3 hours to 10 days — Read Repair + Anti-Entropy#

Hints expire after ~3 hours. If Node D is still down when the hint expires, Node E deletes it. The data is now only on Node B and Node C — replication factor degraded from 3 to 2.

But two mechanisms catch this:

Read repair — whenever a client reads a key that Node D was supposed to hold, the coordinator contacts Node B and Node C (R=2 for quorum). When Node D eventually comes back and gets included in a read, the coordinator discovers it's stale and sends it the correct value in the background.

Anti-entropy — the periodic background process compares Merkle trees between Node D and its replica partners. It finds every key that Node D missed during its downtime and syncs them — not just the ones that happen to be read.

Down < 3 hours:
  → Hinted handoff covers all writes during the outage
  → Node D recovers fully when hints are forwarded

Down 3 hours - 10 days:
  → Hints expired, some writes may be missing from Node D
  → Read repair fixes keys as clients read them
  → Anti-entropy catches everything read repair missed
  → Node D eventually converges with Node B and Node C

Beyond 10 days — Full Rebuild Required#

If Node D has been down for longer than the tombstone grace period (typically 10 days), it can't be safely synced with anti-entropy. Here's why:

During those 10+ days, some keys may have been explicitly deleted. The delete wrote a tombstone on Node B and Node C. After 10 days, compaction cleaned up the tombstone — Node B and Node C no longer have any record that the key was deleted.

When Node D comes back, anti-entropy compares it with Node B:

Node B: "user:789" → (nothing — tombstone was cleaned up)
Node D: "user:789" → "Alice" (still has the old data, never saw the delete)

Anti-entropy: Node D has data, Node B doesn't
  → Copies "Alice" back to Node B
  → The deleted data is RESURRECTED

To prevent this, a node that's been down longer than the grace period must be treated as a brand new node. Its data is wiped completely, and a full copy is done from the healthy replicas. No incremental sync, no anti-entropy — start fresh.

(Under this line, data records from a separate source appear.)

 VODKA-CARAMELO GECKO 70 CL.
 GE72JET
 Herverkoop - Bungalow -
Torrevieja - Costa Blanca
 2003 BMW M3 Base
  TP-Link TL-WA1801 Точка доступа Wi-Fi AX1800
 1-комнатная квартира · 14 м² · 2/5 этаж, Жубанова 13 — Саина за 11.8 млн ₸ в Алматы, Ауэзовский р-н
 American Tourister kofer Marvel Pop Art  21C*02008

Down < 3 hours:         Hinted handoff handles it
Down 3 hours - 10 days: Read repair + anti-entropy handles it
Down > 10 days:         DANGER — treat as new node, full data rebuild

Can Data Be Permanently Lost?#

Node D being down — for hours, days, or even months — doesn't risk data loss. The same data exists on Node B and Node C (N=3 replication). As long as at least one replica has the data, it can be recovered.

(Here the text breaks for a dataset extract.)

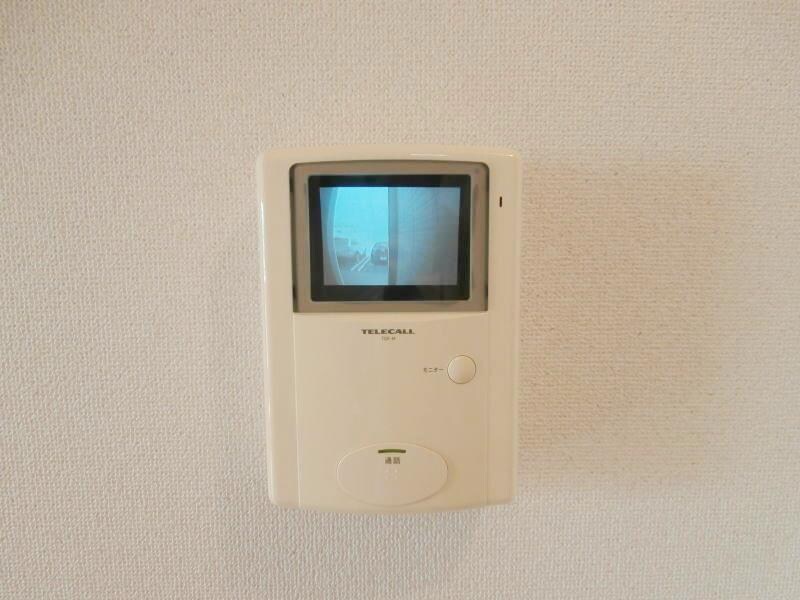 林間田園都市駅 徒歩9分 2階の物件内観写真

Node D down for 30 days    → data still on B and C → safe
Node D AND Node C both down → data still on B      → safe
Node B, C, AND D all down  → data lost             → catastrophic

The probability of all three replicas failing simultaneously (with independent failures):

Single node failure probability: 0.1%
All 3 replicas failing:          0.001 × 0.001 × 0.001 = 0.000000001
                                 = one in a billion chance

The Real Danger — Correlated Failures#

Independent failures are astronomically unlikely to take out all three replicas. But correlated failures can. If all three replicas happen to sit on the same physical rack:

Rack power failure → all 3 nodes on that rack lose power simultaneously
  → All 3 replicas for some keys are gone
  → Data loss

This is why real systems use rack-aware or availability-zone-aware replica placement. The three replicas for any key are spread across different racks (or different data centers), so a single physical failure can never take out all copies:

Node B: Rack 1
Node C: Rack 2
Node D: Rack 3

Rack 1 power failure → only Node B goes down
  → Node C (Rack 2) and Node D (Rack 3) still have the data
  → No data loss

Interview framing

"At 1,200 nodes, node failure is routine — 1-2 nodes are down at any given time. We handle it with three layers: hinted handoff covers writes during short outages (under 3 hours), read repair fixes stale data as clients read it, and anti-entropy periodically syncs everything both missed. If a node is down longer than the tombstone grace period (10 days), it must do a full data rebuild to avoid resurrecting deleted data. Data is only permanently lost if all N=3 replicas fail simultaneously — we prevent this with rack-aware replica placement so a single physical failure can't take out all copies."